6月4日(火)、立命館守山中学校・高等学校にてデジタル保健室の公開体験会を開催しました。

 立命館守山中学校・高等学校では、多くの生徒に保健室を居心地の良い場所に変え、養護教諭等への相談のハードルを下げることを目的に、2024年1月よりメタバースや生成AIを活用した次世代の保健室である「デジタル保健室」の運用を始めました。

 この保健室では、どこからでもメタバース内で生徒同士や養護教諭との間で悩みを共有することができます。今回、新たにメタバース空間内に音声対話型AIを搭載したぬいぐるみ型のアバターを導入し、生徒が気軽に匿名で相談することが可能となりました。音声対話型AIに応対を任すことが可能となり、養護教諭は必要な生徒により深いコミュニケーションを取ることが可能になりました。

保健室とデジタル保健室
保健室とデジタル保健室
生徒の悩みを匿名で相談できる音声対話型AI
生徒の悩みを匿名で相談できる音声対話型AI

 「デジタル保健室」に続き、今回、音声対話型AIを搭載したアバターを開発したのが中井勇希さん(情報理工学部3回生)。
 (メタバース開発で保健室に新たな可能性を~情報理工学部3回生 中井勇希さん~

 体験会では、中井さんより音声対話型AIの仕組みを説明し、参加者は音声対話型AIを搭載したアバターとの対話を体験しました。

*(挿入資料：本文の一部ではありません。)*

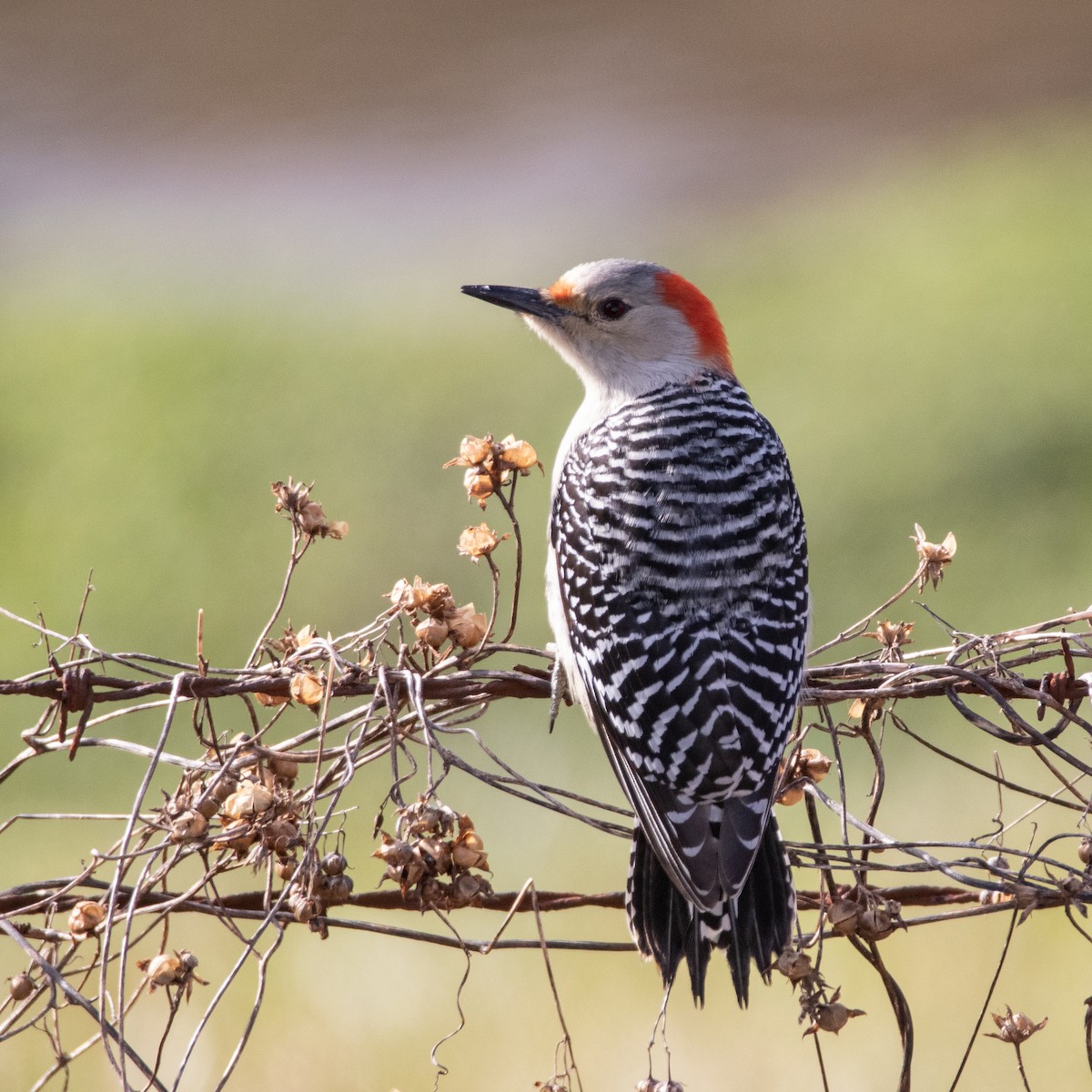Red-bellied Woodpecker - Martine Stolk
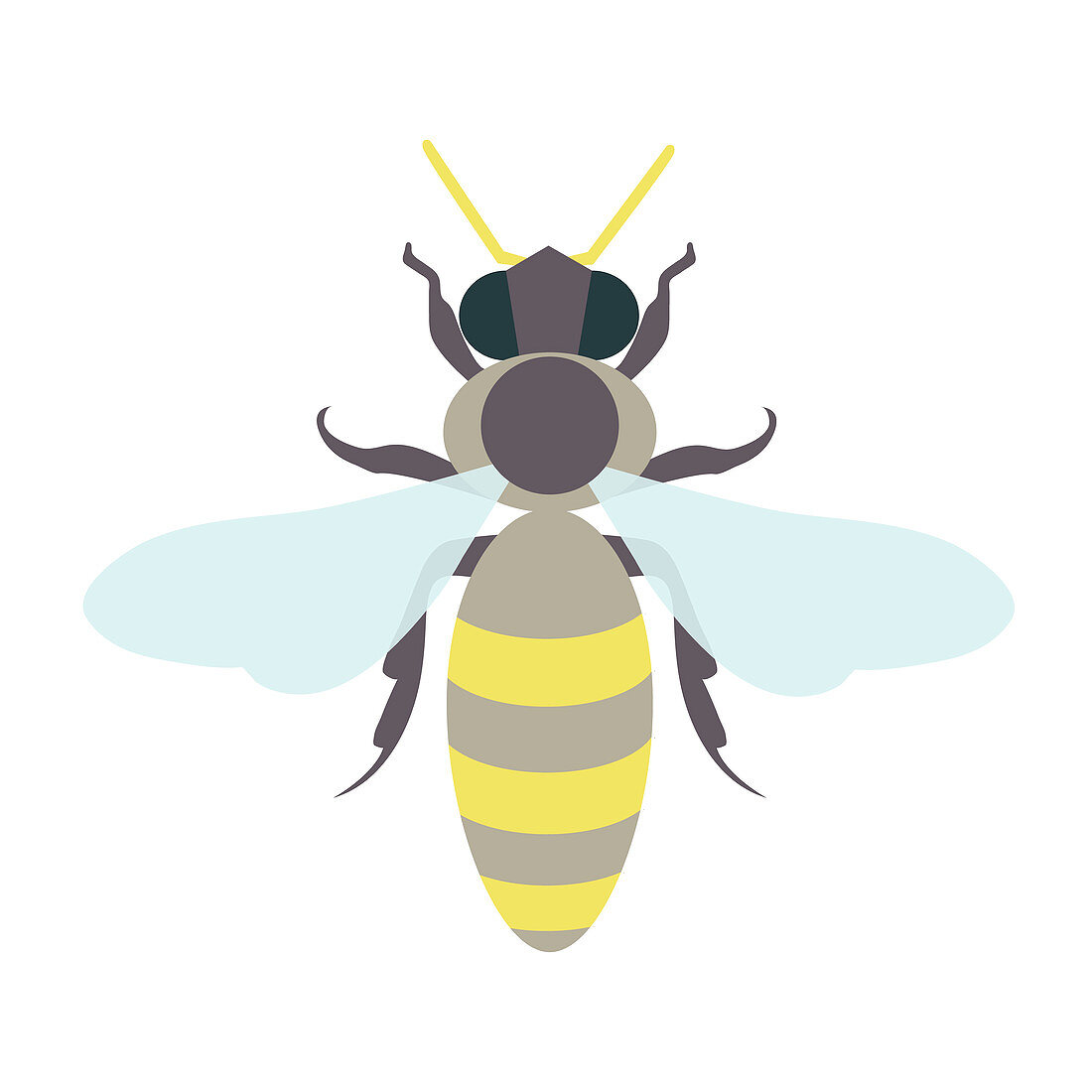 Honey bee, illustration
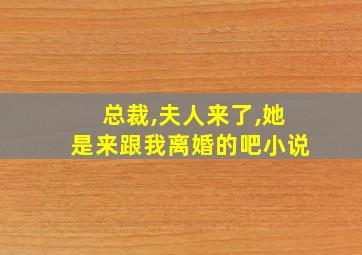 总裁,夫人来了,她是来跟我离婚的吧小说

多数のマスコミ関係者に囲まれながら、音声対話型AIを説明する中井さん

 中井さんは「体験会を通じて、メタバースが社会をどう変えていくのか考える機会になれば嬉しい」。今後の目標については「今は学校内でしかデジタル保健室を利用できない(運用である)が、生徒がメタバース空間を通して、いつでもどこからでも気軽に相談できるように目指していきたい」と今後の抱負を述べました。

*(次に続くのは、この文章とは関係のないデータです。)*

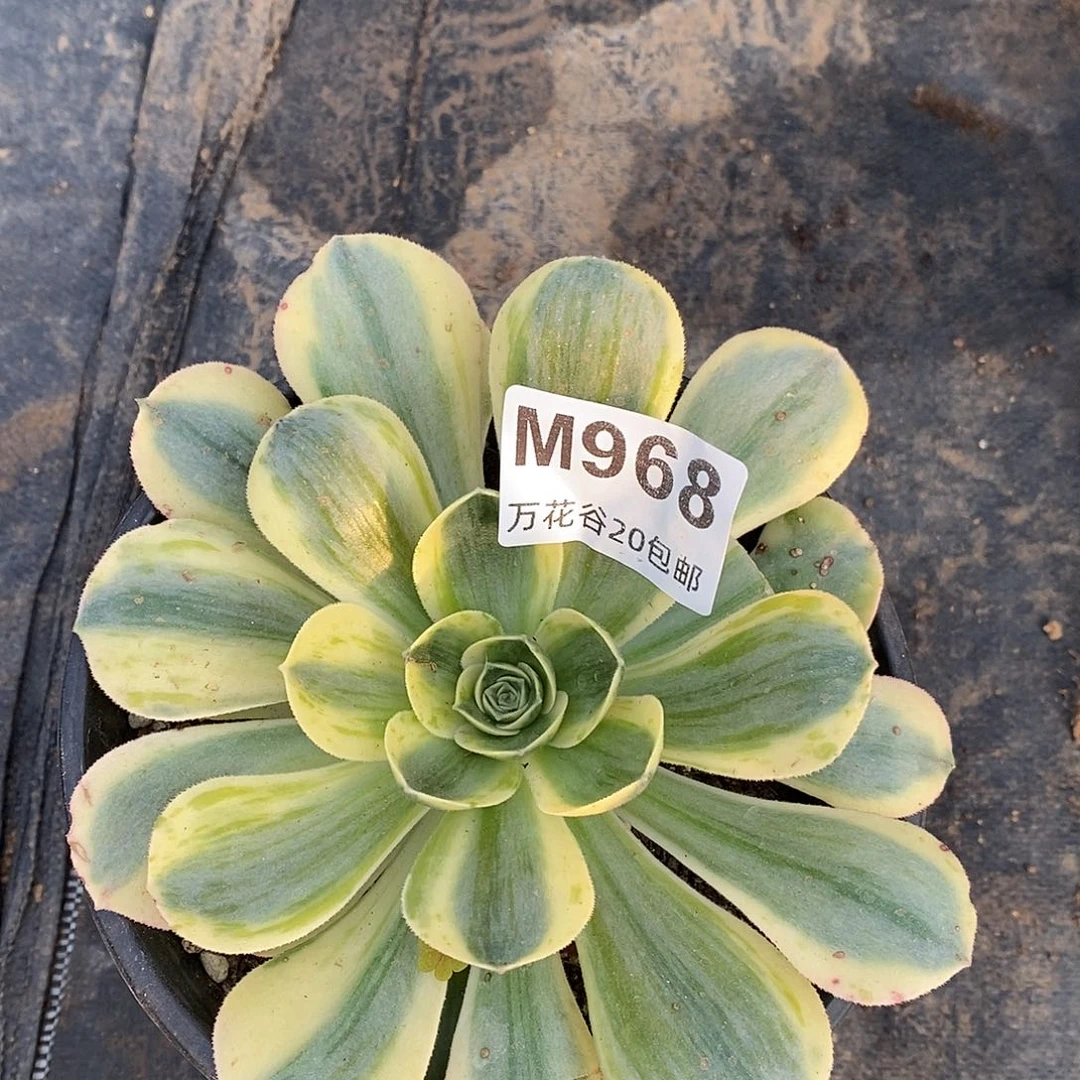 968香炉盘锦多肉植物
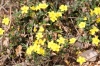 a identificar 2/2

 体験会では立命館守山中学校・高等学校の生徒も運営側として参加し、行政、他校関係者などの体験会参加者にデジタル保健室を紹介、マスコミ関係者からの取材に応対しました。

大勢の参加者にデジタル保健室を紹介する立命館守山中学校・高等学校の生徒達
マスコミ取材に応対する立命館守山中学校・高等学校の生徒達

立命館守山中学校・高等学校 箭内副校長のコメント

 デジタル保健室に音声対話型AIを搭載したアバターが搭載されたことにより、生徒たちは気軽に相談することが可能となった。
 今後は1538名の生徒全員が一斉にアクセスできる環境を構築していきたい。心身の躓きや悩みごとがある生徒だけでなく、例えば学習の躓き、パソコンの操作方法がわからないなど、困りごとがある生徒がここにアクセスさえすれば必要な支援を受けられる、スクールコンシェルジュのようなワンストップサービスの役割も果たしていきたい。

立命館守山中学校・高等学校 山村養護教諭のコメント

 保健室に行きたくても周りの目が気になって行けない生徒がいる。また、生徒が困ったときの行き場の選択肢が保健室しかないことに課題に感じていた。コロナ禍で生徒の来室者は増加し、保健室スタッフの業務が急増する中、養護教諭として生徒に対して何ができるのか考え、保健室の「場所」と「人」をもう一度見直すことにした。保健室は生徒の居場所にしたい、そのような思いで生徒とも何度も話し合った結果、メタバースにたどりついた。メタバースはコミュニケーションのひとつであり通過点であるが、生徒が養護教諭に相談しにくるのではなく自然に足がむく場所にしたい。

参加者からのコメント

 デジタル保健室やメタな居場所が生徒の心を癒す場所として必要であることを公開体験会で認識できた。生徒はゲーム世代なので、アバターの動かし方、空間デザインなど、大人の世代が思う以上に親和性が高いと感じた。立命館守山中学校・高等学校のゲームチェンジに対する教職員の本気度や熱量を肌で感じることができ、このような大人の姿勢が生徒にも広がっていくことを期待したい。